* **Exercise**
In the records below, begin at the line that has "Wall Mounted Paper" and stop after the line that has "Norway Christmas Car"; quote those lines verbatim and nothing more.

* **Supplied material**
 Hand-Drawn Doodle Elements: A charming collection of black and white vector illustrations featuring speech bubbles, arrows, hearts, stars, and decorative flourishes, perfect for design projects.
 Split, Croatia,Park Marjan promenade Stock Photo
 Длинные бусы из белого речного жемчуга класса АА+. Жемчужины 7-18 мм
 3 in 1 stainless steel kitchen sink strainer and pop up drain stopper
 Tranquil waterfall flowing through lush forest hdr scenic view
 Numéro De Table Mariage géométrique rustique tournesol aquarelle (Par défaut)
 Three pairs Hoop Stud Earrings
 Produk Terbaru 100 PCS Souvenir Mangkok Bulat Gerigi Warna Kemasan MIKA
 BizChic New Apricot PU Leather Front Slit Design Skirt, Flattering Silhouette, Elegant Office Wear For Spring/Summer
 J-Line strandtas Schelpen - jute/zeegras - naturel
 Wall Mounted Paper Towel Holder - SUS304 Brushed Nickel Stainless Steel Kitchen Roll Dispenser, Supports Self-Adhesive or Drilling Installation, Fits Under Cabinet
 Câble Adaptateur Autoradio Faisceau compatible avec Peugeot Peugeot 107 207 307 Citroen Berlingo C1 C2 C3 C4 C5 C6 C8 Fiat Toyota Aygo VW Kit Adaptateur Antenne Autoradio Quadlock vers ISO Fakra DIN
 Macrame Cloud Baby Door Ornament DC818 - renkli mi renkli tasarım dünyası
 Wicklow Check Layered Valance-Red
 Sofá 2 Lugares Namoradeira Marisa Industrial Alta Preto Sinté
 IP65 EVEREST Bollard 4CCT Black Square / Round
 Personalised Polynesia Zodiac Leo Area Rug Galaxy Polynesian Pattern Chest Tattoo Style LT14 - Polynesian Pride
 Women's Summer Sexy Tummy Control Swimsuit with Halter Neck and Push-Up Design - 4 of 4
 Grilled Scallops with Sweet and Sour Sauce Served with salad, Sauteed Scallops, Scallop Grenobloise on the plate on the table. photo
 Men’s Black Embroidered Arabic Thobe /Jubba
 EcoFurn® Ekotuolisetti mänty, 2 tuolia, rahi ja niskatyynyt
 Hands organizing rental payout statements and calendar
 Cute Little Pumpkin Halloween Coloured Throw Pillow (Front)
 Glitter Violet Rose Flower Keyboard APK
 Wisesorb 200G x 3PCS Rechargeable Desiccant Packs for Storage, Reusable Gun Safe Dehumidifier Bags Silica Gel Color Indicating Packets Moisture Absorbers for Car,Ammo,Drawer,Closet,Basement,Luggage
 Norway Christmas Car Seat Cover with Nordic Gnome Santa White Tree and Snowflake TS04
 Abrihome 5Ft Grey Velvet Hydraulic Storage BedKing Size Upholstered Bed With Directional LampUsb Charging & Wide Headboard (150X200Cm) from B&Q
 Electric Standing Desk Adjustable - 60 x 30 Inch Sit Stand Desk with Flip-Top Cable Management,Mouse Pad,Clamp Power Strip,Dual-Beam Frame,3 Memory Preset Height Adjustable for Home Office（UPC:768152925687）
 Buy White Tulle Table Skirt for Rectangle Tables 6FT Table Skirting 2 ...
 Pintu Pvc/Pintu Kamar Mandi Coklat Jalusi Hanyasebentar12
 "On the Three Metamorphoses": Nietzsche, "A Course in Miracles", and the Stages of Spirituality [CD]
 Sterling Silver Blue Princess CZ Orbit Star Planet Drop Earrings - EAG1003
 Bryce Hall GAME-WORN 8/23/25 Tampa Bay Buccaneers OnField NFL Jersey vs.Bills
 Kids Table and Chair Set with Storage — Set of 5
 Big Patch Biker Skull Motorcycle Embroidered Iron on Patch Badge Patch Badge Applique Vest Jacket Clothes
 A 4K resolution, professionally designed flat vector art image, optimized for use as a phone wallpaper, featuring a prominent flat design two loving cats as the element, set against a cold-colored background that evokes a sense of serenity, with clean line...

* **Task solution**
 Wall Mounted Paper Towel Holder - SUS304 Brushed Nickel Stainless Steel Kitchen Roll Dispenser, Supports Self-Adhesive or Drilling Installation, Fits Under Cabinet
 Câble Adaptateur Autoradio Faisceau compatible avec Peugeot Peugeot 107 207 307 Citroen Berlingo C1 C2 C3 C4 C5 C6 C8 Fiat Toyota Aygo VW Kit Adaptateur Antenne Autoradio Quadlock vers ISO Fakra DIN
 Macrame Cloud Baby Door Ornament DC818 - renkli mi renkli tasarım dünyası
 Wicklow Check Layered Valance-Red
 Sofá 2 Lugares Namoradeira Marisa Industrial Alta Preto Sinté
 IP65 EVEREST Bollard 4CCT Black Square / Round
 Personalised Polynesia Zodiac Leo Area Rug Galaxy Polynesian Pattern Chest Tattoo Style LT14 - Polynesian Pride
 Women's Summer Sexy Tummy Control Swimsuit with Halter Neck and Push-Up Design - 4 of 4
 Grilled Scallops with Sweet and Sour Sauce Served with salad, Sauteed Scallops, Scallop Grenobloise on the plate on the table. photo
 Men’s Black Embroidered Arabic Thobe /Jubba
 EcoFurn® Ekotuolisetti mänty, 2 tuolia, rahi ja niskatyynyt
 Hands organizing rental payout statements and calendar
 Cute Little Pumpkin Halloween Coloured Throw Pillow (Front)
 Glitter Violet Rose Flower Keyboard APK
 Wisesorb 200G x 3PCS Rechargeable Desiccant Packs for Storage, Reusable Gun Safe Dehumidifier Bags Silica Gel Color Indicating Packets Moisture Absorbers for Car,Ammo,Drawer,Closet,Basement,Luggage
 Norway Christmas Car Seat Cover with Nordic Gnome Santa White Tree and Snowflake TS04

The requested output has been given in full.